Segment Start: RECORDS TO USE

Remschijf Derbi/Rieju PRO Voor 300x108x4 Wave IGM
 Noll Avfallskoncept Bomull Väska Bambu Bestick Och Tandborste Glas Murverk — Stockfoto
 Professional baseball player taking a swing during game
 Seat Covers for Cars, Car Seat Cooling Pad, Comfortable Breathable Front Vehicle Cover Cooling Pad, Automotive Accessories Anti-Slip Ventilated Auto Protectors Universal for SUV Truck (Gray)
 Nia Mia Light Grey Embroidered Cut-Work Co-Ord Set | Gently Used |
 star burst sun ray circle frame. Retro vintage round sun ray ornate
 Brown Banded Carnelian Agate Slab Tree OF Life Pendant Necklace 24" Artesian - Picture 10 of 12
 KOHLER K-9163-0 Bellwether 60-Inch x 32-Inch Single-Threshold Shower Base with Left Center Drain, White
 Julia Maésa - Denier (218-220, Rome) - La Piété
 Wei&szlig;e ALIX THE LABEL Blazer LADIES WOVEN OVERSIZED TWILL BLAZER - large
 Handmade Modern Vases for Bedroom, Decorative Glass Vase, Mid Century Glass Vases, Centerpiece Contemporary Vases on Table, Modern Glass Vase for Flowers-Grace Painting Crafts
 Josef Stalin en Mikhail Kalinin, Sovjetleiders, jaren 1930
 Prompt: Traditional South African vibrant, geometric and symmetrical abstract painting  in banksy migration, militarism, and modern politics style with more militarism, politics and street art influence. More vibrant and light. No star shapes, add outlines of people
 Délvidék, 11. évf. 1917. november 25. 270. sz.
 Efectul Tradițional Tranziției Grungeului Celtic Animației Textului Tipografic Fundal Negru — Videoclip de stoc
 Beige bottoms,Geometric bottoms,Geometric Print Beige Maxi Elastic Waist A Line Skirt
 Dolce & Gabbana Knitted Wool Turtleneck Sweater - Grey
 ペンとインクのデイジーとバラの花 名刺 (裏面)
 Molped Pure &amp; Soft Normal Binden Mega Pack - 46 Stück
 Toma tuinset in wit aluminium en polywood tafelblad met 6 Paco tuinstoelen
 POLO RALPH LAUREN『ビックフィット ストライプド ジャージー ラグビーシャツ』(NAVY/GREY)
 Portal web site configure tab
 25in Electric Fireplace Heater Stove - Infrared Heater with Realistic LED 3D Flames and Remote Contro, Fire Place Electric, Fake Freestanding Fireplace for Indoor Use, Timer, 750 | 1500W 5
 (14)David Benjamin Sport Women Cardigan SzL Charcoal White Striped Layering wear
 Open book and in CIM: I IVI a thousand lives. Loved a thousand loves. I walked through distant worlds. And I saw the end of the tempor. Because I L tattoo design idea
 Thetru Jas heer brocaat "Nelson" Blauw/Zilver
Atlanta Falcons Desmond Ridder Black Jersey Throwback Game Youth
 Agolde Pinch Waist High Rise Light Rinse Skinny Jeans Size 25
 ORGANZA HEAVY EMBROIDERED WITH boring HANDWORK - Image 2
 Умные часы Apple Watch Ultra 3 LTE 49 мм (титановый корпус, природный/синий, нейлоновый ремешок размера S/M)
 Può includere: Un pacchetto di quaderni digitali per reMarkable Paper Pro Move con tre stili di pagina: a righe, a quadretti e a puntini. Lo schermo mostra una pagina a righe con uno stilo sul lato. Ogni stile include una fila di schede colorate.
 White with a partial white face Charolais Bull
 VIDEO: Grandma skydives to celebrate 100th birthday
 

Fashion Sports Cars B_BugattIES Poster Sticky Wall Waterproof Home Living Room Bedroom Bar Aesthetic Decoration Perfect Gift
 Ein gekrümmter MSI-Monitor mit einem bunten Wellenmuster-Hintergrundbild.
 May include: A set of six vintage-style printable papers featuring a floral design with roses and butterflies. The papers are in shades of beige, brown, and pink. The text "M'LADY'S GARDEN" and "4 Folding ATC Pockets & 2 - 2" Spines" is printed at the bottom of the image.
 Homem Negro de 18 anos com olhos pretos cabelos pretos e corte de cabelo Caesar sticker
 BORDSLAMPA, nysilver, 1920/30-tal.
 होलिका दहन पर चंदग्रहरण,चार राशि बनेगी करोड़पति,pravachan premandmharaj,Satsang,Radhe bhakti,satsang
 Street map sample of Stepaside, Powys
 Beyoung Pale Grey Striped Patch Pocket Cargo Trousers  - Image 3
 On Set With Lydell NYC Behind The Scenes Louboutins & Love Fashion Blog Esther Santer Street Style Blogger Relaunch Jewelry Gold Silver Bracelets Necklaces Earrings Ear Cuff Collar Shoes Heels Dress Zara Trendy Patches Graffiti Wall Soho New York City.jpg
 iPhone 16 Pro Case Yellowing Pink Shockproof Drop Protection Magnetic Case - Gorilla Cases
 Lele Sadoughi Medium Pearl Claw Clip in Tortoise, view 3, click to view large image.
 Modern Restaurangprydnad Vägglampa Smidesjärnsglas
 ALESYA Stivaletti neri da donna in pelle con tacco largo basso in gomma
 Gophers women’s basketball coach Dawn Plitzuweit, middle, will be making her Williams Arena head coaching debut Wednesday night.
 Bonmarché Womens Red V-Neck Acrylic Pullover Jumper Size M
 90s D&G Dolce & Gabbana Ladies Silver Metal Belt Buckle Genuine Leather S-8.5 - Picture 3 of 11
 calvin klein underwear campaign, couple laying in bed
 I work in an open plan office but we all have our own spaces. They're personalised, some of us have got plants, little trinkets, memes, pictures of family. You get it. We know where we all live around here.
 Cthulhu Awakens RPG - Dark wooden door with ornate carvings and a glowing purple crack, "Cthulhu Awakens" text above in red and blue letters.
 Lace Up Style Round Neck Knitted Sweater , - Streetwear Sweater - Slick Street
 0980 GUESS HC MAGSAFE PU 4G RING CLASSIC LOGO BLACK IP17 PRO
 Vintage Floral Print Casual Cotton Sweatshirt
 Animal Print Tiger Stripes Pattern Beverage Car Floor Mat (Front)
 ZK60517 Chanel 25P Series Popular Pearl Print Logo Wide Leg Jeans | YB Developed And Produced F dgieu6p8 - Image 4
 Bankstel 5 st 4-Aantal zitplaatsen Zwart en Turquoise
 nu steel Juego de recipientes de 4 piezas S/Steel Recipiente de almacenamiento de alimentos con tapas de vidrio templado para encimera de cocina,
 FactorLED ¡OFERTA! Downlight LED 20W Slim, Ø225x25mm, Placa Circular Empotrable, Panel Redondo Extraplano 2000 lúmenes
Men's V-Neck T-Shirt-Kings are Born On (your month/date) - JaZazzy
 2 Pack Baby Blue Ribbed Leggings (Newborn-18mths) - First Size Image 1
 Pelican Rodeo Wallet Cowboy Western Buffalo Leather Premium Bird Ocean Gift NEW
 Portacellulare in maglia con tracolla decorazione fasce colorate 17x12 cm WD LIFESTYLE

Segment End: RECORDS TO USE

* _EXERCISE_
When the word "Sweater" turns up on a line of the material above, copy that line.

* _RESPONSE TO THE TASK_
 Dolce & Gabbana Knitted Wool Turtleneck Sweater - Grey
 Lace Up Style Round Neck Knitted Sweater , - Streetwear Sweater - Slick Street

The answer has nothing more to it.